Acquisition and Development of Language in Primary Education

ITEM 17: Process of Acquisition and Development of Language in Primary Education: Understanding and Oral Expression, Language Non-Accompanying Oral Communication. Educational Intervention.

1. Introduction:

The emergence of language is the most momentous fact that happens in the life of man because it is between the words where rationality emerges. Authors such as Vygotsky, Piaget, Chomsky, and Bruner have spent parts of their lives studying this phenomenon, which causes intelligent and social behavior.

Communication is a process of sending and receiving messages using a plurality of codes. It is necessary for the issuer to be able to express what they feel, what they think, and what they want, and the receiver, in turn, to be able to meet, understand, and respond. The most authentic way is through oral language, which allows communication with others and with ourselves and that is installed on a sufficient development of neurological and psychological functions. We will take into consideration when planning our educational intervention, both the maturation of neural structures, and the psychic fonoarticulatorias and social and cultural environment that surrounds the child.

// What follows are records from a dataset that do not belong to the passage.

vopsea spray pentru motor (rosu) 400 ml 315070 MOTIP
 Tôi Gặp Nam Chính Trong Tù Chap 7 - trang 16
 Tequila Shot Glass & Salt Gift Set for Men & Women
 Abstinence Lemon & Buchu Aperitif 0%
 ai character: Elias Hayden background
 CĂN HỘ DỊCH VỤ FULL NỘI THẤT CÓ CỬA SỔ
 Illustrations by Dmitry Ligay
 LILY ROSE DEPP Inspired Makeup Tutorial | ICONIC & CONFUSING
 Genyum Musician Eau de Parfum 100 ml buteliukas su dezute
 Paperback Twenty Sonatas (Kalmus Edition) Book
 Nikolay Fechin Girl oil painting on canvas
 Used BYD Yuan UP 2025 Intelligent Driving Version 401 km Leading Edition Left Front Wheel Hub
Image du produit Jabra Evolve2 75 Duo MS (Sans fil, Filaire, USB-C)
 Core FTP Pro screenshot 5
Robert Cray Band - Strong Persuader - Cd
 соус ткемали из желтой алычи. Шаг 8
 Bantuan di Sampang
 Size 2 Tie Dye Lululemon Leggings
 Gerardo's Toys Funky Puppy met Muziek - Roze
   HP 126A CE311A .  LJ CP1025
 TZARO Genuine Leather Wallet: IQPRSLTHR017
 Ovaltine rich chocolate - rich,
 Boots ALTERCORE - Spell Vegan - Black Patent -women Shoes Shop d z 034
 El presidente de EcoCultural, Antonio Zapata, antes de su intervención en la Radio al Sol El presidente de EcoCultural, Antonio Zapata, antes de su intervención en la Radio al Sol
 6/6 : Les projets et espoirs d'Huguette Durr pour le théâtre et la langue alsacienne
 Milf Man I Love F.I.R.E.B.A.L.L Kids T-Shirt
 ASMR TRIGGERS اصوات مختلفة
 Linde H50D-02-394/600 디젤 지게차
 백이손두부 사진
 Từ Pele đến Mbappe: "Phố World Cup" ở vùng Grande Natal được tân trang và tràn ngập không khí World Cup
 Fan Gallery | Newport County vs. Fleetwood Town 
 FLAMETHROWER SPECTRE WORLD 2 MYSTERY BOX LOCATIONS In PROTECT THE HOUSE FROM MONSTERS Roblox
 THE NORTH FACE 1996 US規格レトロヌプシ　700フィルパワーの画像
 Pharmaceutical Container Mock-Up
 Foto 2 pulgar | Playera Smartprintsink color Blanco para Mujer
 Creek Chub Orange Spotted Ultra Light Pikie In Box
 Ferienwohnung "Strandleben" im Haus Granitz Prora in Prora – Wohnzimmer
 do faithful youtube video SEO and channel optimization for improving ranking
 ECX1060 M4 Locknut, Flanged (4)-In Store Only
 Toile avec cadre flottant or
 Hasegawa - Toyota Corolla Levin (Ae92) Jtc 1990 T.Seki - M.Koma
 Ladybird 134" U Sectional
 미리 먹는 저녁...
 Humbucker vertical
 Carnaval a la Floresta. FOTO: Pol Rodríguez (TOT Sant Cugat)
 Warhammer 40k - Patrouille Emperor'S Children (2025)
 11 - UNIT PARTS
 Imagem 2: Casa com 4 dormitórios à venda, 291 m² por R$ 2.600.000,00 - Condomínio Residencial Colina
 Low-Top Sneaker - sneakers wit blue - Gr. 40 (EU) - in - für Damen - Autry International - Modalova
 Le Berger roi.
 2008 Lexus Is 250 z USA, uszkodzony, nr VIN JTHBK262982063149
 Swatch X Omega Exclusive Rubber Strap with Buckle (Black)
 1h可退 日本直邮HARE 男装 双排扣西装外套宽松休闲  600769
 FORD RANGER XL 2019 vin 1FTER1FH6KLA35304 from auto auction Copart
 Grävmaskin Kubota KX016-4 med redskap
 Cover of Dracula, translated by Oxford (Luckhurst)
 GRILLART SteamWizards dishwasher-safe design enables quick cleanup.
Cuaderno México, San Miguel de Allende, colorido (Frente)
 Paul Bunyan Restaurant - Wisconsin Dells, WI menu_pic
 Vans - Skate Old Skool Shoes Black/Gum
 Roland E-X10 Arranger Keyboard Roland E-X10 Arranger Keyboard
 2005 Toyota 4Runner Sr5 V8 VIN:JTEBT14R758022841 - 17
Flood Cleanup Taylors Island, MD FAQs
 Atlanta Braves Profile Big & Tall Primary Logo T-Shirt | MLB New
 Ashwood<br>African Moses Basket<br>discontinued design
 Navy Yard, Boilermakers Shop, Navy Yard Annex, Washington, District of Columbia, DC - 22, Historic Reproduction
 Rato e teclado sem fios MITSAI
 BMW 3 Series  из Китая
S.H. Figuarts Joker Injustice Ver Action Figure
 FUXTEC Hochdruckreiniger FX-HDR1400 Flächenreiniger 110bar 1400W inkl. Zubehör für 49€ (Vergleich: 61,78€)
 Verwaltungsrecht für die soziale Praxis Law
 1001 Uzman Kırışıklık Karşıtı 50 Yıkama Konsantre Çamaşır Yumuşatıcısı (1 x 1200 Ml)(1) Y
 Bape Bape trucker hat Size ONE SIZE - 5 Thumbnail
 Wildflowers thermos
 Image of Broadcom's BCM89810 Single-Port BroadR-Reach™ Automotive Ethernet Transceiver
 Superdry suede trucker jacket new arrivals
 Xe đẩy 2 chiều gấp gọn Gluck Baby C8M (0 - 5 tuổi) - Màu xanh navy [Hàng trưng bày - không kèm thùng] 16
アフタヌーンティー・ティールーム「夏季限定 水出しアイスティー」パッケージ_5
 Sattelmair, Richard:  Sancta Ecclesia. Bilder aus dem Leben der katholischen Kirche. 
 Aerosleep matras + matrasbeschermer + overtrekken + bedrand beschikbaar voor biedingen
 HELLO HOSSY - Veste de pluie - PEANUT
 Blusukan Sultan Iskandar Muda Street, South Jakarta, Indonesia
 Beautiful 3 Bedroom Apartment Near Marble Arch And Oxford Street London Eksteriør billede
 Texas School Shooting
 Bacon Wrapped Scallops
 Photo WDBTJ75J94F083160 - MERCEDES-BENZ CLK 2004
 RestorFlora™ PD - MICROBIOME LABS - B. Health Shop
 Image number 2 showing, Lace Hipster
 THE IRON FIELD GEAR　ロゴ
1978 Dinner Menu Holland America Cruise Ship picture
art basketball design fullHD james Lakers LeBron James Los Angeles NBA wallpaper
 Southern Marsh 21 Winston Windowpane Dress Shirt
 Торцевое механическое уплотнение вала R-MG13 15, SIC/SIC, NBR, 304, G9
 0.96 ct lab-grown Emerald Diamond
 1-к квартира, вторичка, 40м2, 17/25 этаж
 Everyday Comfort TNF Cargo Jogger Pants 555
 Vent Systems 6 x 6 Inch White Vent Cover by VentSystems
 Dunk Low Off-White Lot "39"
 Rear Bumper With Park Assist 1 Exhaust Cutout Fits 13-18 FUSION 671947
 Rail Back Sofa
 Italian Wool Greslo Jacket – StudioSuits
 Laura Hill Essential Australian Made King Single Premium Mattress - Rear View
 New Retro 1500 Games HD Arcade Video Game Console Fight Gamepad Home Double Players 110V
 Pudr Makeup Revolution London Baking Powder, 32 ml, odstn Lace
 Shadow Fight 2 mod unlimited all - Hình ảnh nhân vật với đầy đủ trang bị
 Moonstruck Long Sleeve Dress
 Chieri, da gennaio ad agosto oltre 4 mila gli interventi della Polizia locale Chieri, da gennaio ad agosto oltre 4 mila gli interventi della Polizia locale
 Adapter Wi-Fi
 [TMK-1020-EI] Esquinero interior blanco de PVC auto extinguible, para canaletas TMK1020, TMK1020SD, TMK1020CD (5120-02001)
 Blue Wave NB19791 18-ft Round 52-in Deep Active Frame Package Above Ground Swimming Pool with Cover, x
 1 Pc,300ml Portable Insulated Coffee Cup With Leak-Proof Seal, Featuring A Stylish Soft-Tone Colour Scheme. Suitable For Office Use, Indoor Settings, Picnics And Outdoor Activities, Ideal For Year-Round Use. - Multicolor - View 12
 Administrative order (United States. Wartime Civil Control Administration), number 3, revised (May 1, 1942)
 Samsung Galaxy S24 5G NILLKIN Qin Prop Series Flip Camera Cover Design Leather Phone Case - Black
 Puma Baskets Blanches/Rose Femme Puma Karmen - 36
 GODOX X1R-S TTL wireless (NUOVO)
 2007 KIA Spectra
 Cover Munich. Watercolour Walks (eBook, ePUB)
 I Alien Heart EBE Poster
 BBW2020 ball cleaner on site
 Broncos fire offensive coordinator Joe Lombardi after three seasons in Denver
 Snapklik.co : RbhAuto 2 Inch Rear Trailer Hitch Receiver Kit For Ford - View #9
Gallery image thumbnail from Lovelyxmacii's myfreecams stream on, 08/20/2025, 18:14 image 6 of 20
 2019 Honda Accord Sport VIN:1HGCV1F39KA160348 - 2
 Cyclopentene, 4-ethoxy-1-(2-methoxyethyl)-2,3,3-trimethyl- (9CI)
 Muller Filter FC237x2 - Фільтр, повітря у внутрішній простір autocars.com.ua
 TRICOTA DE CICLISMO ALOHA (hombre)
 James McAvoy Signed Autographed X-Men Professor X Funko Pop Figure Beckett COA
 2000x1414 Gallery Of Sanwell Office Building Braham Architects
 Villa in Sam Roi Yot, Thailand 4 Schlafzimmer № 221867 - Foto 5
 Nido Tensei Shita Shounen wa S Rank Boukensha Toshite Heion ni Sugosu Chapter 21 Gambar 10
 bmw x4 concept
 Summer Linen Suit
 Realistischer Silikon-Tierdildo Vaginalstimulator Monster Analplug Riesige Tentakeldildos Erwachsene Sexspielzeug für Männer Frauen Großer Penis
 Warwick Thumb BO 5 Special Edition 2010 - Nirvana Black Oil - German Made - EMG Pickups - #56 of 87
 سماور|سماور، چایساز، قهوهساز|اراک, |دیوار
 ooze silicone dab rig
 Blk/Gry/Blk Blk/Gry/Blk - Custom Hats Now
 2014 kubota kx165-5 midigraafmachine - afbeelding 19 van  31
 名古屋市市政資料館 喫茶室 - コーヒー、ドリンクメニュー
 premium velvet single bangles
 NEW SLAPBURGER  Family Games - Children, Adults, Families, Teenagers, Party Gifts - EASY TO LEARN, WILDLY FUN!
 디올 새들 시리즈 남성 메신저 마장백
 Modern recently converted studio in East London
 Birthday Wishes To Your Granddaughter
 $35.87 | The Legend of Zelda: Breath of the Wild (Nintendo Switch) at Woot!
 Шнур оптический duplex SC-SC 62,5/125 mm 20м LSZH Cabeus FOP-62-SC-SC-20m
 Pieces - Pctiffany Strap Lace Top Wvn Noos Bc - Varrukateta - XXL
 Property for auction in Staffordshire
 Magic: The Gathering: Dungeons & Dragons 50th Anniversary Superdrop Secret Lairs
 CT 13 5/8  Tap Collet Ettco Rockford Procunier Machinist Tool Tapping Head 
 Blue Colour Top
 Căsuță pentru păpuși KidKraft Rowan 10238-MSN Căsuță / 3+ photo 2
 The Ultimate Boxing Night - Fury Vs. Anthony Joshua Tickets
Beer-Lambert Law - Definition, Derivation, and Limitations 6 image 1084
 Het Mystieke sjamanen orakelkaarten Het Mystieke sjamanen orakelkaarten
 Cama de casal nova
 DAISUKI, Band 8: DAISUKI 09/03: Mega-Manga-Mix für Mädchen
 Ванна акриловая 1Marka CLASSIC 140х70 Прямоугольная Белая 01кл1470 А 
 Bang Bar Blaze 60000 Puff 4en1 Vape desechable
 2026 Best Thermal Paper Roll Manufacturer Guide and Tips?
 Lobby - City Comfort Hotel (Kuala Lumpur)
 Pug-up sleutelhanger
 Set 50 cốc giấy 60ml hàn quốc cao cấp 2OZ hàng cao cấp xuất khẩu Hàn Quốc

Language is probably the most complex set of rules a person can learn. However, the task of learning these rules is performed easily by all children in a surprisingly short period. Students who enter primary school have already learned speech. But there are many unknown words. Their verbal abilities continue to increase and improve their education during the primary stage.

2. Determining Factors

Oral language, as with any other development, does not escape the heredity/environment controversy. The genetic equipment and maturation are responsible for the acquisition and the environment in their jobs and wealth.

2.1. Heredity and Maturation

The basic equipment necessary for the acquisition of spoken language are the sensory pathways, nervous system, respiratory and fonoarticulatorio, which also need to mature.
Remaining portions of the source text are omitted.